Setup is a one-line runs-on change plus four .bazelrc flags. For teams spending engineering hours on slow Bazel CI and wondering why the cache isn't doing more, the answer is almost never in the .bazelrc. It's in the runner.
Frequently Asked Questions
1. Does Namespace's Bazel cache work with bazel-contrib/setup-bazel?
Yes. Namespace writes its configuration to /etc/bazel.bazelrc at the system level, while setup-bazel writes to the user bazelrc. Bazel merges both in order, so remote cache credentials from Namespace coexist with Bazelisk version pinning from setup-bazel without conflict.

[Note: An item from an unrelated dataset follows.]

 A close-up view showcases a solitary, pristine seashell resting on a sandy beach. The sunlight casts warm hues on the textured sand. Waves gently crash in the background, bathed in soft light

2. Can multiple repositories share the same Namespace Bazel cache?
They can share a Cache Volume tag, but it's usually counterproductive for Bazel. Action keys include toolchain hashes, so separate volumes per repository is the safer default.
3. What happens if a CI job fails partway through?
Namespace Cache Volumes only commit when a job exits with code 0. Failed jobs have their cache changes discarded automatically, leaving the volume in its pre-job state.
4. Is the Bazel cache content encrypted at rest?
Namespace's artifact storage backs the cold tier of the Bazel cache. See the security documentation for data-at-rest protections and the workspace access documentation for RBAC controls.
5. How do short-lived credentials work for local development?
Running nsc cache bazel setup locally generates credentials that expire after a few hours. The CLI handles renewal automatically, so developers don't manage rotation manually. Long-lived GCS or S3 service account keys are not required and should be revoked once the migration is complete.